Chances are good that if you play games, you’ve played The Legend of Zelda or at least seen a picture of the 1986 Nintendo Entertainment System original. The world was vast but made sense. North was north. In a free new downloadable game called Triforce, the land of Hyrule is twisted around and north could very well mean west or even send you deeper through another dimension.
Triforce is a game by Patrick LeMieux and Stephanie Boluk that completely changes how space and depth work in The Legend of Zelda. LeMieux and Boluk have a knack for playing with spatial depth in games. I recently shared their game Footnotes, , which also used some twisty effects to sometime literally fold the world into shapes like paper planes. Applying strange shapes like donuts and Möbius strips to a familiar game world poses a question: Is it the same world if we perceive it differently?
Games aren’t always limited by practical concerns the way that films or television shows are. You can move the camera anywhere and bend the world however you want. Triforce’s overworld map is familiar to me, as someone who has played the original, but still unlike anything I remember. It’s the same but also incredibly different.
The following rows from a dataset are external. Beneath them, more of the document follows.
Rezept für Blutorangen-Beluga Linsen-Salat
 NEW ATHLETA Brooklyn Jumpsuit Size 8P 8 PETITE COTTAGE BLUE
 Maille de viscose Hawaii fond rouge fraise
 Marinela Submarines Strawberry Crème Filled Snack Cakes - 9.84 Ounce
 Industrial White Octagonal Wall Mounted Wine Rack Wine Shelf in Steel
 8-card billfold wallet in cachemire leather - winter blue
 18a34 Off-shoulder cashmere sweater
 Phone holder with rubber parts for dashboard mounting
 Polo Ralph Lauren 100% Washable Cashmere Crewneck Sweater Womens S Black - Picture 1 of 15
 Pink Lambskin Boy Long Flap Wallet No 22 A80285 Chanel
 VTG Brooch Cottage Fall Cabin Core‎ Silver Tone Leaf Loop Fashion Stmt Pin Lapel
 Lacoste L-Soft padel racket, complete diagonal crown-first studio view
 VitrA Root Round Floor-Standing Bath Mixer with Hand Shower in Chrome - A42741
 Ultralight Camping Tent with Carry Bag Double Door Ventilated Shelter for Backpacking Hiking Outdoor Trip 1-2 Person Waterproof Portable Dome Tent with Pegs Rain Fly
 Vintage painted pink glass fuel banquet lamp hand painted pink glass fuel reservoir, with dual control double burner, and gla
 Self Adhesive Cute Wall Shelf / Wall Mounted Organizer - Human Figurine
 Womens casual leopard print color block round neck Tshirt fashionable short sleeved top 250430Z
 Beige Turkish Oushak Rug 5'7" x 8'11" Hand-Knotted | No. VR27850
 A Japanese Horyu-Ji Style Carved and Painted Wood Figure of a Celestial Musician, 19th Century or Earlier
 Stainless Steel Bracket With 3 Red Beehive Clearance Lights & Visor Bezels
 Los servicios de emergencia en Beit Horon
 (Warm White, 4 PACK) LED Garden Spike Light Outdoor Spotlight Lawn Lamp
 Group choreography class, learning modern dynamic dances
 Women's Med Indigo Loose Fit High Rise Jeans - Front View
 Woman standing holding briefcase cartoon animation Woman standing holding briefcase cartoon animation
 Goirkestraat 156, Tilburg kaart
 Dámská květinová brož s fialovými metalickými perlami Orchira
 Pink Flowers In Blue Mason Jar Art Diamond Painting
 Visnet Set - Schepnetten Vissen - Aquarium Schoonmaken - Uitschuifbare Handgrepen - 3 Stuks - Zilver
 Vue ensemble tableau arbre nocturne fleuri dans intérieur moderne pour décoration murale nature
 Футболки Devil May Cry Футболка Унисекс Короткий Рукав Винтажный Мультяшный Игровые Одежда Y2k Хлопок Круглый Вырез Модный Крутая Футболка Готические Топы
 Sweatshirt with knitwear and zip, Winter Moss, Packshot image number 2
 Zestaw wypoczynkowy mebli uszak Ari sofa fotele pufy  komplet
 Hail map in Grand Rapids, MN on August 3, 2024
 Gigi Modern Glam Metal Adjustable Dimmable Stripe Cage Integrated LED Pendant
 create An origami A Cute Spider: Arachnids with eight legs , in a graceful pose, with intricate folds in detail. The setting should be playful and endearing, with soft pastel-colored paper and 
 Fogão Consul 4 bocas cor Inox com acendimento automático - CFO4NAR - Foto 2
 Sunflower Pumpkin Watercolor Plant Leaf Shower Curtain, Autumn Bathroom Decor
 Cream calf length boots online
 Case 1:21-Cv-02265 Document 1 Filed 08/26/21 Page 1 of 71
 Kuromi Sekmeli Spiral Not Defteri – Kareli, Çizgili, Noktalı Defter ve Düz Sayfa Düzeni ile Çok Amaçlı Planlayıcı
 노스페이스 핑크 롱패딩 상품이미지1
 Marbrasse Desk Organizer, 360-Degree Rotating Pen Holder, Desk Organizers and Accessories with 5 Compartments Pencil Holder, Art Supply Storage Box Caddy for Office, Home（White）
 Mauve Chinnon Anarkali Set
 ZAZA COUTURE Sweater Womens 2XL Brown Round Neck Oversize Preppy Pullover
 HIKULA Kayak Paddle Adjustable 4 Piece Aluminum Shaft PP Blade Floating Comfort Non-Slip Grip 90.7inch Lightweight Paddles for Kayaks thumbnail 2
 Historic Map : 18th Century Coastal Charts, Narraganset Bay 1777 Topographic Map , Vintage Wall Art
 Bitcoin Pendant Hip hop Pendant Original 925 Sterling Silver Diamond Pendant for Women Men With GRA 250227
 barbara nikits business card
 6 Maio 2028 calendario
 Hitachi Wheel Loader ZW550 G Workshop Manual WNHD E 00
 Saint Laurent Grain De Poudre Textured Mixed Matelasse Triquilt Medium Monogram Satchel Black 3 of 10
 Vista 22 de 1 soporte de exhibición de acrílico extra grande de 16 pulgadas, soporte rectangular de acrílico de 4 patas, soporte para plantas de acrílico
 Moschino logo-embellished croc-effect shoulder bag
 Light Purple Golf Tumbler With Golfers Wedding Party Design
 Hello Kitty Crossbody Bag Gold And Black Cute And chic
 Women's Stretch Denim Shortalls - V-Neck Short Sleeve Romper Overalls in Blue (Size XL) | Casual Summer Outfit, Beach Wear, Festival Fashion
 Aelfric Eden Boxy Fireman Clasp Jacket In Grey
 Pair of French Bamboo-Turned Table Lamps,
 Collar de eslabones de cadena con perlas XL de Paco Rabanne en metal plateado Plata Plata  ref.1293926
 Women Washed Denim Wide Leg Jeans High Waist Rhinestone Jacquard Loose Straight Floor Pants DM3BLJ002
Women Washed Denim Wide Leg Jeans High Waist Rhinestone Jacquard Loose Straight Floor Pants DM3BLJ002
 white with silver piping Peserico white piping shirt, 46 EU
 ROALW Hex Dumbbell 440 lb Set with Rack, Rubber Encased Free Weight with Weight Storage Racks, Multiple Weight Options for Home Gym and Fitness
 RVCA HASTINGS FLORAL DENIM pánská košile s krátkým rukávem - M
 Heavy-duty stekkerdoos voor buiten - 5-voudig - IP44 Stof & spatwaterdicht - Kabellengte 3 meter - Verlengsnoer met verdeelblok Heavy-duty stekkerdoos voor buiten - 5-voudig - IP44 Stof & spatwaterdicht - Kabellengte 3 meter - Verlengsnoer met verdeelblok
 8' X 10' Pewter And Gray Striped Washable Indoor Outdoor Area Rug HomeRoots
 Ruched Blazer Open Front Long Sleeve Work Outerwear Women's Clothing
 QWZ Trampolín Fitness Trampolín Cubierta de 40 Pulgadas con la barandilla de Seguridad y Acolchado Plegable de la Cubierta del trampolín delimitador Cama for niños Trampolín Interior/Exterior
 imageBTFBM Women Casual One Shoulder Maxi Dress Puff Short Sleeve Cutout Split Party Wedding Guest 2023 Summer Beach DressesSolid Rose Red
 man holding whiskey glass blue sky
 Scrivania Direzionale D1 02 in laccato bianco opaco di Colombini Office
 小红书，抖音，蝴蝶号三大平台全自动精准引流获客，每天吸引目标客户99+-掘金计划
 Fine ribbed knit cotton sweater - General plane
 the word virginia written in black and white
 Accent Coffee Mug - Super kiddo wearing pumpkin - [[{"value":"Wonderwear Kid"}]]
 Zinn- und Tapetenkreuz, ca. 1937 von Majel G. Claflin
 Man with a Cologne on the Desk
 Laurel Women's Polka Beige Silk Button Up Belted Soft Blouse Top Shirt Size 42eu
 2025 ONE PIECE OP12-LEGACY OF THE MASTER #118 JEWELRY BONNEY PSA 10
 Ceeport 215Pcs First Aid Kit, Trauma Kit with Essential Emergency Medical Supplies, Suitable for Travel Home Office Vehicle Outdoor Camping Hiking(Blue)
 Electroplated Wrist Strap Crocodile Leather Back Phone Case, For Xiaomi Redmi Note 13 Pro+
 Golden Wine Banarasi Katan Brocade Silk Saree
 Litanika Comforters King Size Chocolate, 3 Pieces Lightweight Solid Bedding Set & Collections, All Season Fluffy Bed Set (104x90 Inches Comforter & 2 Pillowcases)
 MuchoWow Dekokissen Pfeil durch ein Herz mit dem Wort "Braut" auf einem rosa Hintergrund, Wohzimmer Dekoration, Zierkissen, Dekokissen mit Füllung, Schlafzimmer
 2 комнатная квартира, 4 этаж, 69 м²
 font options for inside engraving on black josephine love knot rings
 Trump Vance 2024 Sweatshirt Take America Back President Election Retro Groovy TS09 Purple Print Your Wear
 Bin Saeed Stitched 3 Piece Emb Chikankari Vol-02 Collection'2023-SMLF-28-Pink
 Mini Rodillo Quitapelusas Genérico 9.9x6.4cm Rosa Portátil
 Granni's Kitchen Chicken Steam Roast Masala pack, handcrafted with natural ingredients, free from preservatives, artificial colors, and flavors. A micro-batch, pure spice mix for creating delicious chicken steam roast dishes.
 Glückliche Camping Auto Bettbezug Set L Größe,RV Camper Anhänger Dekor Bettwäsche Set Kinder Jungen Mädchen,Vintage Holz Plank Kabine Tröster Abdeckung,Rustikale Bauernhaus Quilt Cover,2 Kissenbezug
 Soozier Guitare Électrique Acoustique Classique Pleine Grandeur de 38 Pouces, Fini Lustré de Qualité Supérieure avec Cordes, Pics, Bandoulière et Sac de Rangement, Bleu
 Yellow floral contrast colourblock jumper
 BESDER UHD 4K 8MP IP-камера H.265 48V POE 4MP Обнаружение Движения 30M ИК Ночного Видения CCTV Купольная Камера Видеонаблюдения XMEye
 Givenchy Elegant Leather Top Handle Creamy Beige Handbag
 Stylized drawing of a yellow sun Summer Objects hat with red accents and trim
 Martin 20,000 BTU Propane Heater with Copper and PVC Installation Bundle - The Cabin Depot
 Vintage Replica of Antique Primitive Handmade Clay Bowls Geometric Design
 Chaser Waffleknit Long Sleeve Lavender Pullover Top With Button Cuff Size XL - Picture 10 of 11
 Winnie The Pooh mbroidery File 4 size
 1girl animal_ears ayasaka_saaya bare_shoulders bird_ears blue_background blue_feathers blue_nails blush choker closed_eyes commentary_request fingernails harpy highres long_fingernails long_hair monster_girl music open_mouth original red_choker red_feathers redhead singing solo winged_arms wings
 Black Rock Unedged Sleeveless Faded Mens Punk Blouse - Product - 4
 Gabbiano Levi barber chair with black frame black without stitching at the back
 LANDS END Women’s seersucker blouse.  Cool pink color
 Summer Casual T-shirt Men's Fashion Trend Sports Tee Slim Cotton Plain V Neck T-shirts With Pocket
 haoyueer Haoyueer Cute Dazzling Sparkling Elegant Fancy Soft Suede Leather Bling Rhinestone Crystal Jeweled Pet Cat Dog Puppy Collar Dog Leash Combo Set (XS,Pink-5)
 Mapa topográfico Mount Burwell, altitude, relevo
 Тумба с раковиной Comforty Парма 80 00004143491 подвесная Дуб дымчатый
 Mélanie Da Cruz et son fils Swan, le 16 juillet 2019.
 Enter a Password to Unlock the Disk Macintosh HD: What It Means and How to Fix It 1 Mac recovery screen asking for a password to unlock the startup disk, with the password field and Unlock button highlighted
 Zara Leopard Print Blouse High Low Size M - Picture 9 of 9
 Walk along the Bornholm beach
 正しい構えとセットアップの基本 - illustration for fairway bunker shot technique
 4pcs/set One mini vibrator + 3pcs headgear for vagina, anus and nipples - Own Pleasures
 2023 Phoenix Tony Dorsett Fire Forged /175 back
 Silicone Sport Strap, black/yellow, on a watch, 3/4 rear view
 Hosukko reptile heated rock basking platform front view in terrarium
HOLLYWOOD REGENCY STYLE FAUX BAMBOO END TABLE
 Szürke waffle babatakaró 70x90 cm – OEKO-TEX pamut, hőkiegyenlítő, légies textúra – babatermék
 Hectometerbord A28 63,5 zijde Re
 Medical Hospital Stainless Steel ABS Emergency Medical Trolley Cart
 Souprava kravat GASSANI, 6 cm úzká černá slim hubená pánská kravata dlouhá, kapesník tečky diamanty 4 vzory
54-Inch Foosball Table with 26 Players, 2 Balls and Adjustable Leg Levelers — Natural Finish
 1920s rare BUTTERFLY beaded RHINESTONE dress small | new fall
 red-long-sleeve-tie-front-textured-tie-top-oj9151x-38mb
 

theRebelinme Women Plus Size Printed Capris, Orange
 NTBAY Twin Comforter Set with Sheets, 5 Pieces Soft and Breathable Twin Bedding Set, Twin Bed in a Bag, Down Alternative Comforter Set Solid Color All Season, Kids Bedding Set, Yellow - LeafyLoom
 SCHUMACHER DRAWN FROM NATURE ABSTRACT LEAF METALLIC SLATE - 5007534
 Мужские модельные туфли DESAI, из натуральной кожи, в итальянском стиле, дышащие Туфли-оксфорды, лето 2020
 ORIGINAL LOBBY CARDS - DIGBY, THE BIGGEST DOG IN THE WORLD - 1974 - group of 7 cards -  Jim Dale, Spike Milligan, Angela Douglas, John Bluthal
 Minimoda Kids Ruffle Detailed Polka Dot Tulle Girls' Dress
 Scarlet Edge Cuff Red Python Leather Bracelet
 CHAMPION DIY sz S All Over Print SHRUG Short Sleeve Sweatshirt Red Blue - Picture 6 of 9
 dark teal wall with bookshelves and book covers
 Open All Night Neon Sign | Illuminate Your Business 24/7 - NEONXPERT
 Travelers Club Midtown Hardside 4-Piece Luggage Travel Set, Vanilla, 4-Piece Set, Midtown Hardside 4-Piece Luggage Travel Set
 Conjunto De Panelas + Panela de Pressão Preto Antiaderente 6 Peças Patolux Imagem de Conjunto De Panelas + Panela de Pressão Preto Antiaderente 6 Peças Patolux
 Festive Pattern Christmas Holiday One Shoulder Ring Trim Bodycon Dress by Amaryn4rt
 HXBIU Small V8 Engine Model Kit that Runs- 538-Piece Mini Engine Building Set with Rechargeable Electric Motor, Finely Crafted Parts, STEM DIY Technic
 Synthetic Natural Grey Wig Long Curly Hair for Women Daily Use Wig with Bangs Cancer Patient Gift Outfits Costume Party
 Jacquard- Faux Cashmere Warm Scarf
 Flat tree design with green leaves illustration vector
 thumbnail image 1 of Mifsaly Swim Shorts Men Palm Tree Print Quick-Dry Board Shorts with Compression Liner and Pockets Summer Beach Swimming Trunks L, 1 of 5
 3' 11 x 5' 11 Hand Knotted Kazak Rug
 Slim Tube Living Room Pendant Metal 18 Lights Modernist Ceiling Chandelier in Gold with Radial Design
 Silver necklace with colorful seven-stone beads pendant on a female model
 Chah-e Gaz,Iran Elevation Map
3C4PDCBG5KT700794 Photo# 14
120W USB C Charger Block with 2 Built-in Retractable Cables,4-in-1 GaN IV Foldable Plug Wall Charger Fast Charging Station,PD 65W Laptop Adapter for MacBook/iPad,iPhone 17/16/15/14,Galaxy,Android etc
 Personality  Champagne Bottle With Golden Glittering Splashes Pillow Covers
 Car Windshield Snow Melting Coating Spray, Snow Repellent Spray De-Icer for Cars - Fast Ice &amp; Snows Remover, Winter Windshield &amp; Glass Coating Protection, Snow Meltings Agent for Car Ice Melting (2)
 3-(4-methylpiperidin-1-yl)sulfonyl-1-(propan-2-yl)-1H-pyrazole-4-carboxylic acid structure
There are three dungeons to explore in Triforce, each of them contorting in more and more complex ways. It starts comprehensible and begins to turn complex. Nintendo has used spatial tricks before, like the flat walls of Super Mario Odyssey, the 2D/3D switching of Super Paper Mario or quick minigames in WarioWare: Twisted!, but Triforce takes it a step further to something that really needs to be played to do it justice. You can download it for PC, Mac, and Linux so it should be pretty easy to dive into a freaky version of Hyrule.